News - December 8, 2016

Model explains hunters’ behaviour

Roelof Kleis

Hunters don’t just shoot at anything that appears in their sights; they are constantly making choices. That is because hunting is strictly regulated and because they have their own preferences. A red deer stag is more likely to be targeted than a female with young.

Hunters prefer to shoot male rather than female deer.

Photo: Shutterstock

According to Wageningen economist Andries Richter of Environmental Economics and Natural Resources, hunters’ behaviour has not been studied much. He and his Norwegian colleagues developed a model that explains this behaviour. The model approaches the choices a hunter makes when he has an animal in his sights as an ‘optimal stop problem’. Richter: ‘Every time, the hunter compares the advantages of shooting now with the advantages of waiting for the next animal.’ Richter compared it with house-hunting. ‘Do I buy this house or do I wait in case an even nicer house comes along?’ The hunter’s expectations can be modelled with three simple, measurable variables, says Richter: the number of animals passing by, the amount of time the hunter has left in the hunting season, and the size of the group that is out hunting.

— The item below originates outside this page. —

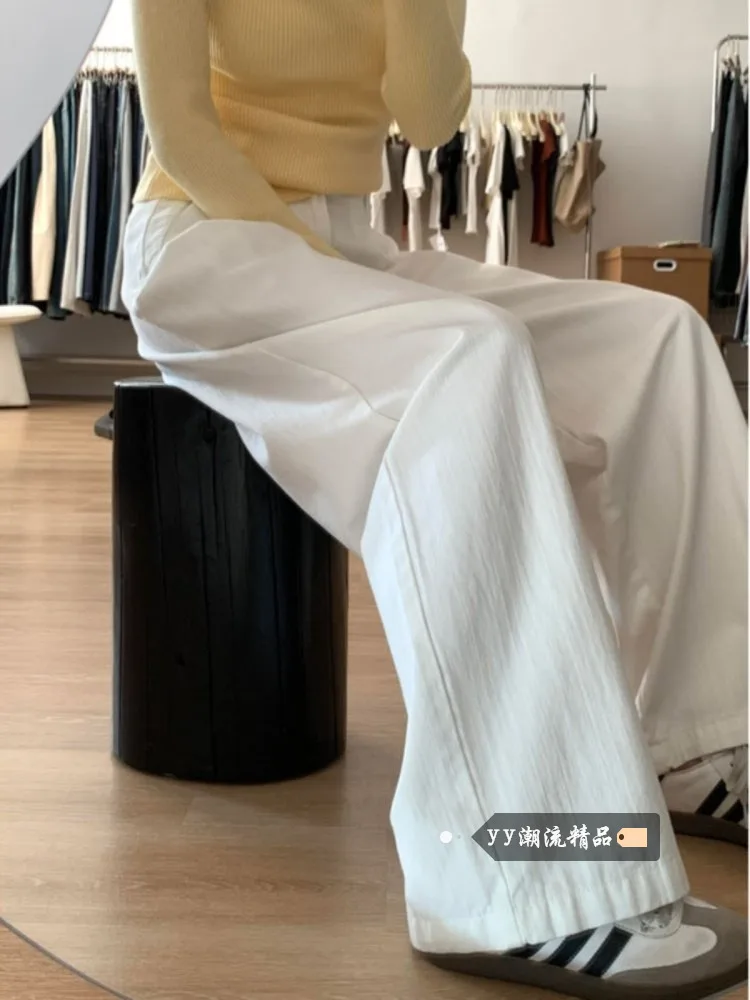 

Американские женские джинсы с высокой талией, свободные, белые, широкие, прямые, плиссированные, повседневные, тонкие, зимние, новые, маленькие размеры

It is important to gain a good understanding of hunters’ behaviour, says Richter, because it can have a big influence on the ecology of animals. In Europe, for example, about 80 to 90 percent of red deer die at the hands of hunters. Red deer seldom live to be very old, therefore. Half of all the males do not survive their first couple of years.

To test the model, the researchers are using a huge database of 256 hunting locations in Norway, built up over more than ten years. The data records almost 182,000 decisions made by hunters, the deer they shot and the deer they let go. The model takes into consideration the influence of the weather, the day of the week, and the position of the moon. The model seems to reflect the actual results of the hunting accurately.

Hunters are least selective towards the end of the hunting season, when they hunt together, and when there are fewer animals in the area. They also shoot more readily on weekdays and by full moon.